Leave out the pictures and repeat exactly the lines from the one containing "Mercedes-Benz C-Класс, 2011" through the final line of the listing below.

= = =

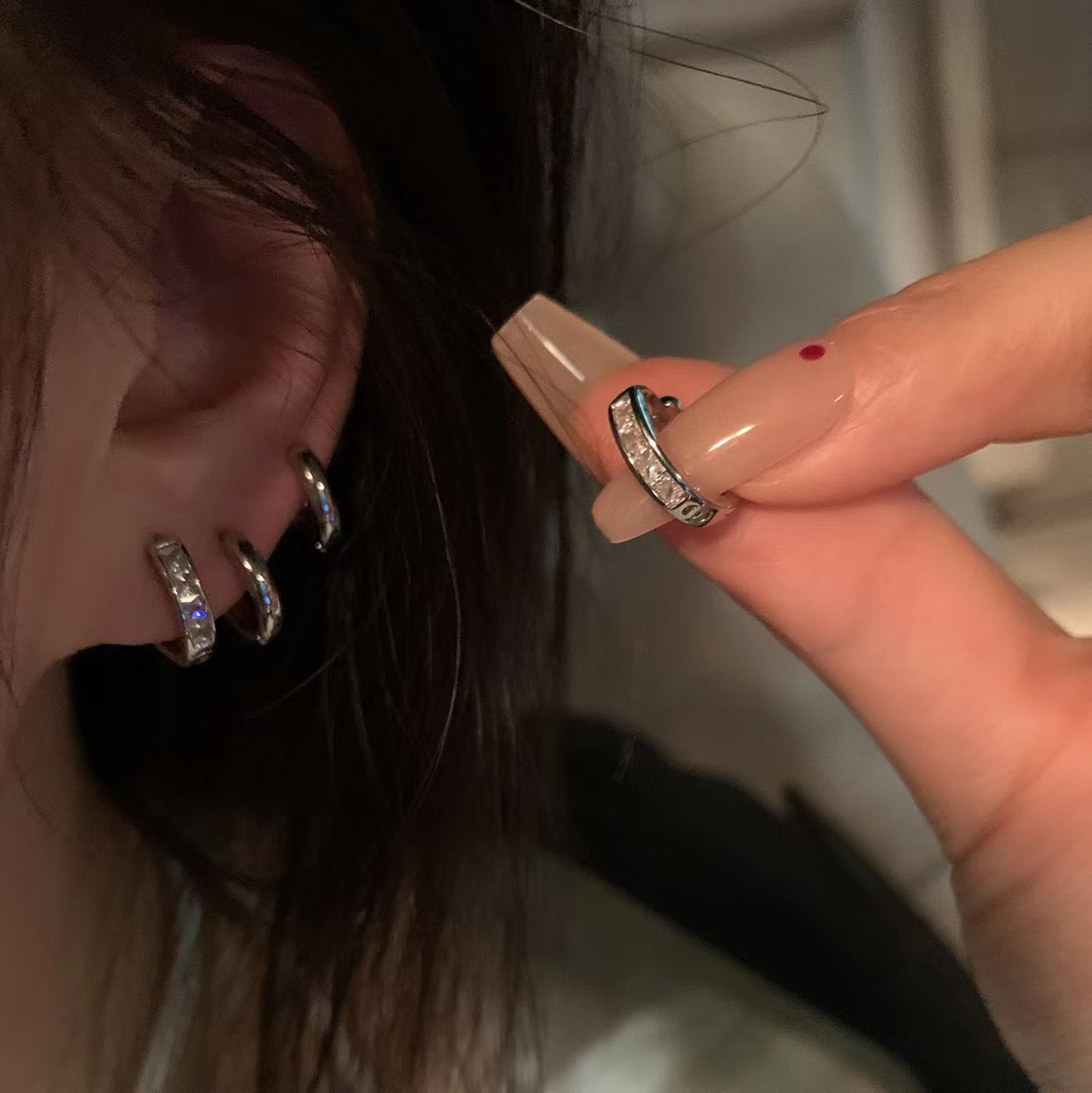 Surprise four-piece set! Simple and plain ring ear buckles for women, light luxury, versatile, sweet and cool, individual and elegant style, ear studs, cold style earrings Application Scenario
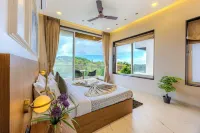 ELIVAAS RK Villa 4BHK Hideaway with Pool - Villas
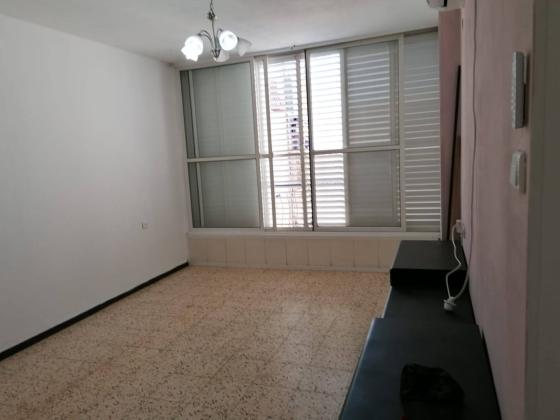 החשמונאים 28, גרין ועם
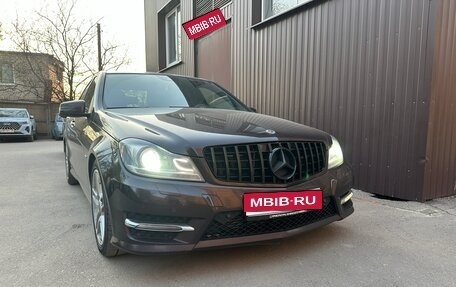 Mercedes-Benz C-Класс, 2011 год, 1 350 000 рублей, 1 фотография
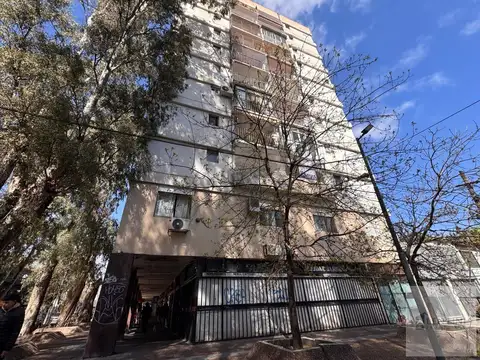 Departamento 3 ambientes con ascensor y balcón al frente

= = =

Written reply
 Mercedes-Benz C-Класс, 2011 год, 1 350 000 рублей, 1 фотография
 Departamento 3 ambientes con ascensor y balcón al frente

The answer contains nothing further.